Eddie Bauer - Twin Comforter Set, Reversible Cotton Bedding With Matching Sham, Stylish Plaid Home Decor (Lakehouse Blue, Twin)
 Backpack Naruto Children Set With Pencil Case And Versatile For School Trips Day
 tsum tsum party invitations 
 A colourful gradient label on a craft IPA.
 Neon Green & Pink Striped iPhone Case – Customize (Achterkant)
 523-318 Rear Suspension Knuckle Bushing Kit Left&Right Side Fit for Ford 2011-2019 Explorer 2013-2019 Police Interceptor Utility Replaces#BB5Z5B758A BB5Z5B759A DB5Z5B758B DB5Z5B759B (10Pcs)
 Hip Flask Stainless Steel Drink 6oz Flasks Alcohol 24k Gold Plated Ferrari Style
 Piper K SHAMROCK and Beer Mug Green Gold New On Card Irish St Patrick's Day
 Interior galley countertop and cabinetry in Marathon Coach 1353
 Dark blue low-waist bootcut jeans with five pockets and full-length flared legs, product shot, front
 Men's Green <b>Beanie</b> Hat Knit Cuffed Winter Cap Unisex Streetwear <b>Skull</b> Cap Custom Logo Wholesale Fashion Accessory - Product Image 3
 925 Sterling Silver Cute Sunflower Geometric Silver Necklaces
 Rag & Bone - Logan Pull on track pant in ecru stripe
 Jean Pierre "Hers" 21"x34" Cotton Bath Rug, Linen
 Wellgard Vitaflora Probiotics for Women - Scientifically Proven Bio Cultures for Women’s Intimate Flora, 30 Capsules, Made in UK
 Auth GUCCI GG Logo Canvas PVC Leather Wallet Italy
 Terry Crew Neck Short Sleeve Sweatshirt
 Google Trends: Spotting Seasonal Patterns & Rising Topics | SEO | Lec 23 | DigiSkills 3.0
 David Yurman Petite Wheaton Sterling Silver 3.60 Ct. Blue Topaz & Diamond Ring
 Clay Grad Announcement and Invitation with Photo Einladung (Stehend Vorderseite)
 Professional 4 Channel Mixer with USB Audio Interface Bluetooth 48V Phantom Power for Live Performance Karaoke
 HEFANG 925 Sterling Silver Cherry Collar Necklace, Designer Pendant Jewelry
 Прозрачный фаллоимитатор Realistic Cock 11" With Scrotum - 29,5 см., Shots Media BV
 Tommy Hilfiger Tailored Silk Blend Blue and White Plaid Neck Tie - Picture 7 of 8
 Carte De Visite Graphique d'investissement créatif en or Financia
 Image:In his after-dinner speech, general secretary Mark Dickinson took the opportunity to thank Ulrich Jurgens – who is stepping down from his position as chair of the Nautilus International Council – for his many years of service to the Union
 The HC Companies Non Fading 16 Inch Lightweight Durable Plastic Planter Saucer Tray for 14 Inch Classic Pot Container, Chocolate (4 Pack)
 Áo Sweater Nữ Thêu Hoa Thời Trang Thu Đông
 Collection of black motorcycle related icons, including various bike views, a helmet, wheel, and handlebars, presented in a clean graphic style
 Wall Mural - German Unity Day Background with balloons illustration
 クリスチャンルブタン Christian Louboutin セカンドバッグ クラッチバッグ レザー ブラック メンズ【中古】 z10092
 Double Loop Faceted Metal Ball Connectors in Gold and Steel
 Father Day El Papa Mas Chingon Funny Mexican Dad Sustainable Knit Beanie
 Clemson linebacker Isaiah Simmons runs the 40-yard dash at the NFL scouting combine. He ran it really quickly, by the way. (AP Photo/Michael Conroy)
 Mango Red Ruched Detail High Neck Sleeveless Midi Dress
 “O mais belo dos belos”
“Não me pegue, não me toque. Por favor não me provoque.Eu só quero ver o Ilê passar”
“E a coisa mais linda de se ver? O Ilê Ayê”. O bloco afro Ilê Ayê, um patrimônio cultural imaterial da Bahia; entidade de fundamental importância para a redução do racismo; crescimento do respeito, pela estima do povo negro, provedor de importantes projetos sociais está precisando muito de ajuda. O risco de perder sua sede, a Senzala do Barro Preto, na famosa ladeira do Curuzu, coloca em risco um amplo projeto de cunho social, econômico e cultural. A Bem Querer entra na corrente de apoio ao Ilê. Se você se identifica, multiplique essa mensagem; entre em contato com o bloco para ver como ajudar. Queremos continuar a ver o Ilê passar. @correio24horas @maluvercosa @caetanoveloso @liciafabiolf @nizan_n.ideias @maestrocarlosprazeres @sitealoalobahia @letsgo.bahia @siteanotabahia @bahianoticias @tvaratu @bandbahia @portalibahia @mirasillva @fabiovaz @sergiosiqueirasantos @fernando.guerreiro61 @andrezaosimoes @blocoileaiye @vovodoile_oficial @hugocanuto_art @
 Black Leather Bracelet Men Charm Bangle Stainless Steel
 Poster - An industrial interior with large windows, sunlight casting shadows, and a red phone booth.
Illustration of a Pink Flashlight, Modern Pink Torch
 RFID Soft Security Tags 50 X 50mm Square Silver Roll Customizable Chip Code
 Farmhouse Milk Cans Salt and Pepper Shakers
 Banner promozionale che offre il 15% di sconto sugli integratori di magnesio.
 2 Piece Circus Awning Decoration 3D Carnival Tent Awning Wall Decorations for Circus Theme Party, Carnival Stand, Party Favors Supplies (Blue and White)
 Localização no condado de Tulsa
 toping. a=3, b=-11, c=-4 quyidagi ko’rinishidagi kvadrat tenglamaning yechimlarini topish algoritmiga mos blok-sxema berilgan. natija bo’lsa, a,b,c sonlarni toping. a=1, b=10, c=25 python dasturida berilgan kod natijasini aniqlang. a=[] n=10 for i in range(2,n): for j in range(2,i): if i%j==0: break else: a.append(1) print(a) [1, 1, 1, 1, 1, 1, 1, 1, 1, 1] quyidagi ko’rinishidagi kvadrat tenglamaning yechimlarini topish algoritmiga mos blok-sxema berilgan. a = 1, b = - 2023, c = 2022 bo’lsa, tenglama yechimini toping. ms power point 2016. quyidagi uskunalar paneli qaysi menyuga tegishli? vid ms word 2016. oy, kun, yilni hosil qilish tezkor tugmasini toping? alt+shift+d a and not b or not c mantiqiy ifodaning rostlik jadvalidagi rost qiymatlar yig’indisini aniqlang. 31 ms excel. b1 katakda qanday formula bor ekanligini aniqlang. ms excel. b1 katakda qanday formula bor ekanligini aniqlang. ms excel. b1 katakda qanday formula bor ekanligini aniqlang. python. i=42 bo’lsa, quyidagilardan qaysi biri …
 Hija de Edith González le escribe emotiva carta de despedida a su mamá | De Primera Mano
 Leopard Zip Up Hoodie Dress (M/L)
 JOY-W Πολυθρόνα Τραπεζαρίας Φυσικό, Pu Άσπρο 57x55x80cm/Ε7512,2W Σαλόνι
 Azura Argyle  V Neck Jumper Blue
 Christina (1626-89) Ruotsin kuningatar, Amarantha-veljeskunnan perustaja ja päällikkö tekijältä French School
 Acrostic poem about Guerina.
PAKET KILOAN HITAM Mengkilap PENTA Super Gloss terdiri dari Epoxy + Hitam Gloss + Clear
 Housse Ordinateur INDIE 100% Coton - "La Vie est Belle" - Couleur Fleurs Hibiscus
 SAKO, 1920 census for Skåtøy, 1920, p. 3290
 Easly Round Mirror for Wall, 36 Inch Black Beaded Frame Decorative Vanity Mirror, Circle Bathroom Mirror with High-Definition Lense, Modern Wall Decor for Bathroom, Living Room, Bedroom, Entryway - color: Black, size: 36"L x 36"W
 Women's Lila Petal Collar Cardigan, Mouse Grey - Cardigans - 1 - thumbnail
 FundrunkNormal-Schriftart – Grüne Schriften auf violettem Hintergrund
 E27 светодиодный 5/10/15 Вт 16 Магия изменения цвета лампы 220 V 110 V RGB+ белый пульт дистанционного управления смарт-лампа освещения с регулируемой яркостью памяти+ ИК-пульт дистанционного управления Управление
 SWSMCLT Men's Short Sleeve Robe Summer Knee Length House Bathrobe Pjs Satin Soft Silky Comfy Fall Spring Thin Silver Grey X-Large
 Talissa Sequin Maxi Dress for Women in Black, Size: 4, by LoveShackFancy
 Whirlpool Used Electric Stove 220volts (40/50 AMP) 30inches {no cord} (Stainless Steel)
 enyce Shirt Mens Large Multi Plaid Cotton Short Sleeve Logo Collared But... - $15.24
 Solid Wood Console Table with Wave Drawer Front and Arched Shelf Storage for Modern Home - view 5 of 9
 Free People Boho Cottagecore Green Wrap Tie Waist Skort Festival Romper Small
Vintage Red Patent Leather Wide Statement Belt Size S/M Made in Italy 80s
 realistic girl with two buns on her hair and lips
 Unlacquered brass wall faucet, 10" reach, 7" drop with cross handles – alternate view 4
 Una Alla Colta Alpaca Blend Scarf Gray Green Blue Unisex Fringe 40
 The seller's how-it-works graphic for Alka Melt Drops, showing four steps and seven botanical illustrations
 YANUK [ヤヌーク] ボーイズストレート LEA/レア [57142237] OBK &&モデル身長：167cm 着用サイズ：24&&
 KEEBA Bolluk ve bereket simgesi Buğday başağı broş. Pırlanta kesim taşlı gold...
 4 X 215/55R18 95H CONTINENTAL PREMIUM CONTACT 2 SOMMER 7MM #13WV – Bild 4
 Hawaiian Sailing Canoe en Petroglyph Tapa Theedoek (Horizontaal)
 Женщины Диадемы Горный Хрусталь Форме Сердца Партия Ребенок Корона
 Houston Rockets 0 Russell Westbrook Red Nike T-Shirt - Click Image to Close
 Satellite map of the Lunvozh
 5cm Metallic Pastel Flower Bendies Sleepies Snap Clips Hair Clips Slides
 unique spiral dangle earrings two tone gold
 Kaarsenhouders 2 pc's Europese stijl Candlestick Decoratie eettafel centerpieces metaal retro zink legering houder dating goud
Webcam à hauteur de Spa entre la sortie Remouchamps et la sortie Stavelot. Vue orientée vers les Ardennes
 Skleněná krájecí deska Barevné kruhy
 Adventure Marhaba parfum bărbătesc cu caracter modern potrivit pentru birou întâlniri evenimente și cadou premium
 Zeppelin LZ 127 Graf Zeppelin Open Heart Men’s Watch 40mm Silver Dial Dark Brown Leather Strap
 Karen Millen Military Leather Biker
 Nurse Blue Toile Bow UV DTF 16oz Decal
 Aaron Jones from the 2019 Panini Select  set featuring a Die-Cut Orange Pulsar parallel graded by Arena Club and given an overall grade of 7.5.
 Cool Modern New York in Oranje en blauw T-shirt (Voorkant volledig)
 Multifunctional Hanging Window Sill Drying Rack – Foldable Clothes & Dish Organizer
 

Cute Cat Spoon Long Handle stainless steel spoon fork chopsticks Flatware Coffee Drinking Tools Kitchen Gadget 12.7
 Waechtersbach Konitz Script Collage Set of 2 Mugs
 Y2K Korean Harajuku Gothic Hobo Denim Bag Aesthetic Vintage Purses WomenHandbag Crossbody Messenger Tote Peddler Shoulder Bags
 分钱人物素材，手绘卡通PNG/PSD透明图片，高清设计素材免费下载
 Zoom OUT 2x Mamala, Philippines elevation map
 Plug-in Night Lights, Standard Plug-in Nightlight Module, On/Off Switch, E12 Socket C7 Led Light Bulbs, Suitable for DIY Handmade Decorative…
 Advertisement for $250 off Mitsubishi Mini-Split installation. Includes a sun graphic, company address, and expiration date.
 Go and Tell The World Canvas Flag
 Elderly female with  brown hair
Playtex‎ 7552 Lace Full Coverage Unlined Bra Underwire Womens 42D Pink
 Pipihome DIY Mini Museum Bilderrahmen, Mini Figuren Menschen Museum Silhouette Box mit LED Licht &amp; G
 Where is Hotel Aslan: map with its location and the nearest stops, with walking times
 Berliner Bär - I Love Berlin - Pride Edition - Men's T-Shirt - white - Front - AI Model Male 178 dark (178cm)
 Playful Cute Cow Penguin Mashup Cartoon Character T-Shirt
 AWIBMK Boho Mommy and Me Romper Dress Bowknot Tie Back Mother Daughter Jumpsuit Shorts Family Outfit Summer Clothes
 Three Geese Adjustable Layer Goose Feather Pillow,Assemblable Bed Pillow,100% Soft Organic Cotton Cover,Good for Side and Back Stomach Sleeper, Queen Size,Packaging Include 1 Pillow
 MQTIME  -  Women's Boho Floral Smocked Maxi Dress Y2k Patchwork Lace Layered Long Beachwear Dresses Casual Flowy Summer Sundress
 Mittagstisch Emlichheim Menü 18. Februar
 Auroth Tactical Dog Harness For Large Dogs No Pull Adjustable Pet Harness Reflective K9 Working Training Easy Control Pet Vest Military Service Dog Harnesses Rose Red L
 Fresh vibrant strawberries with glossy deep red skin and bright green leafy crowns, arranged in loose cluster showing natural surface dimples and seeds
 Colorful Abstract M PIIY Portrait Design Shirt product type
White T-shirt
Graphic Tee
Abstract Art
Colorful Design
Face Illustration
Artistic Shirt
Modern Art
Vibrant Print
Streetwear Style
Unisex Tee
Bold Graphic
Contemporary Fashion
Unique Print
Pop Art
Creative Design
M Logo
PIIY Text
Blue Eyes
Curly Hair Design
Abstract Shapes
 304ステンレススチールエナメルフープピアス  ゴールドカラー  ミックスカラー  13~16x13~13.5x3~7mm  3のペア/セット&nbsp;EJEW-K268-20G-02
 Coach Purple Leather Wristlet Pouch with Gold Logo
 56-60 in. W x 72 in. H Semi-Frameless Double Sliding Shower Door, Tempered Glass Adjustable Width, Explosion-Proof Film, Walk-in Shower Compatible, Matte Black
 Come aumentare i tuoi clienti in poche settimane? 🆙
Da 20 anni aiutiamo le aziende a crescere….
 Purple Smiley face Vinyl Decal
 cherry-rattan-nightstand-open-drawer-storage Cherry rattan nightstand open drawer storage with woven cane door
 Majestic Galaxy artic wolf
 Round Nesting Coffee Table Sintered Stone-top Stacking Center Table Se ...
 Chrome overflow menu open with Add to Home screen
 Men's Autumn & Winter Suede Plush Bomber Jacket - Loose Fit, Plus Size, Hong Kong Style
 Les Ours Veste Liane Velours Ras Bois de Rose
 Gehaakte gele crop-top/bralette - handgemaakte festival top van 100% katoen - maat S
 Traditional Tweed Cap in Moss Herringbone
------------------------------
EXERCISE | From the line with "Gehaakte gele crop-top/bralette" through the final line of the records, return each line exactly. Leave out the rest.

EXERCISE OUTPUT |
 Gehaakte gele crop-top/bralette - handgemaakte festival top van 100% katoen - maat S
 Traditional Tweed Cap in Moss Herringbone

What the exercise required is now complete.